For now, my garden is just a dream, but one ingredient starts to pop up in the grocery store more often, a sign that winter is ending, and the earliest days of spring have arrived. Chicory, in its many varieties, is enthusiastically welcomed in my kitchen this time of year for its brilliant colors, crisp texture, and pleasantly sharp flavor. I can’t describe it any better than the way Alice Waters does in Chez Panisse Vegetables:

Whereas lettuces are generally prized for a certain delicacy of flavor and texture, the chicories are valued for a certain wild bitterness, common to them all.

Chicories have sturdy leaves, crisp and delicious in salads, but sturdy enough to stand a long braise or caramelization on a hot grill. This week at la Domestique, we’ll explore the many ways to cook with chicories: tossed into salads, stirred into soups, bathed in cream, tossed atop pizza, sautéed in a skillet, and more. These bitter leafy vegetables are all part of the daisy family. Their flavor is an asset when balanced with rich flavors like eggs, nuts, pungent cheeses, duck, lamb, smoked fish, salty anchovies, acidic lemon, or aged balsamic vinegar. Tomorrow is 10 Ways Tuesday at la Domestique, where you’ll find creative ideas for cooking with chicories during winter.Seek out the different types of chicory and incorporate them into your late winter pantry:

Belgian Endive

A compact head of elongated, tulip-shaped white leaves with pale green tips.

Curly Endive, also called Frisée

Large and curly head of thin, spindly leaves. White in the center, graduating to green at the tips.


A plentiful head of broad, curvy green leaves, similar to romaine but more toothsome.


There are several varieties of radicchio, all named after towns in the Veneto region of Italy, where they were originally cultivated.

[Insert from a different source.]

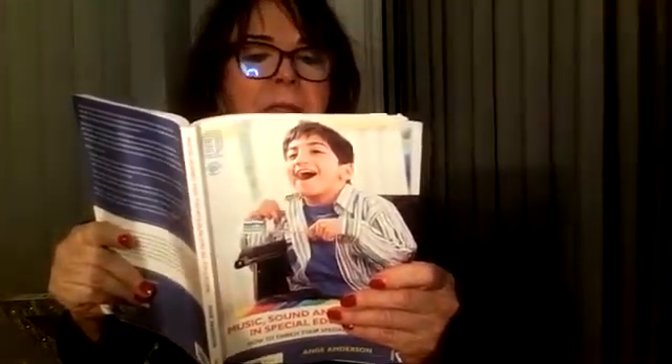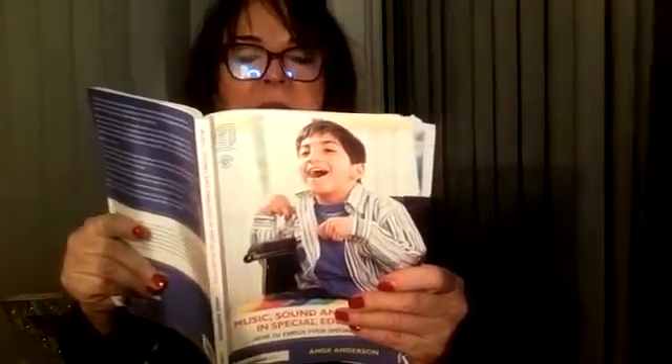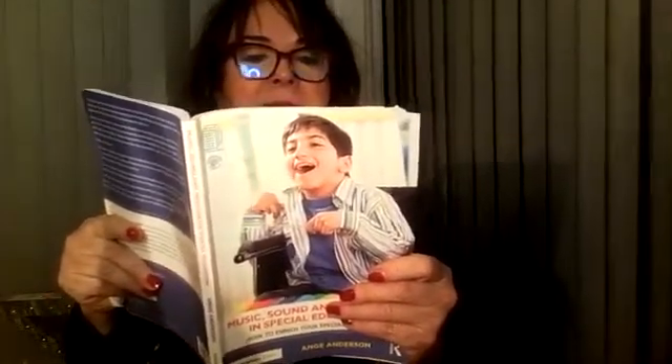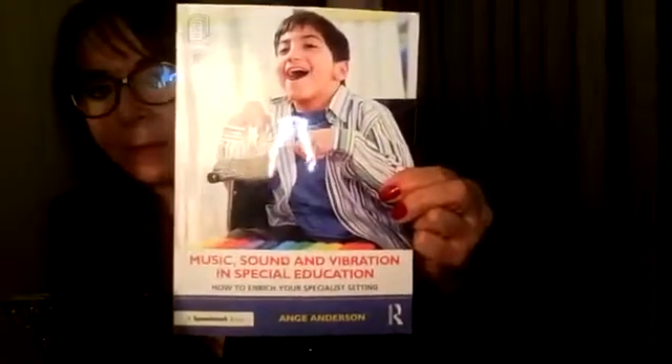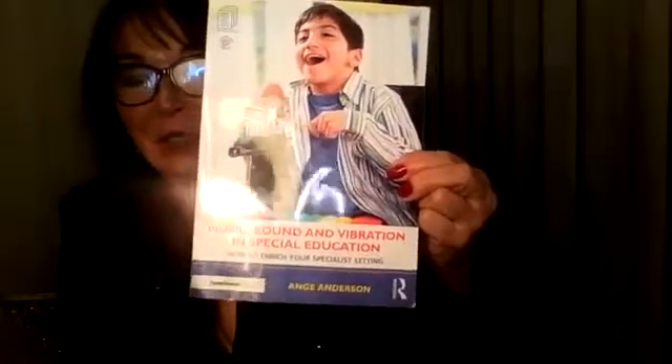Filtered sound training is offered in a personalized package of 20 half-hour sessions, done twice a day consecutively for 10 days. Changes that occur in listening and learning are seen over the period of four months following it. We did have huge success in school with filtered sound training and produced some evidence-based reports on that success, which I write about in the book.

Treviso is shaped like Belgian endive with elongated burgundy-hued leaves and white ribs.

Castelfranco is rose-shaped, loose-leafed head that is pale-green and speckled red.

Chioggia looks like a small cabbage, tight leaves in the typical shade of burgundy with white veins.

Verona is petit, fitting easily in the palm of your hand, loosely gathered leaves in shades of dark green and maroon.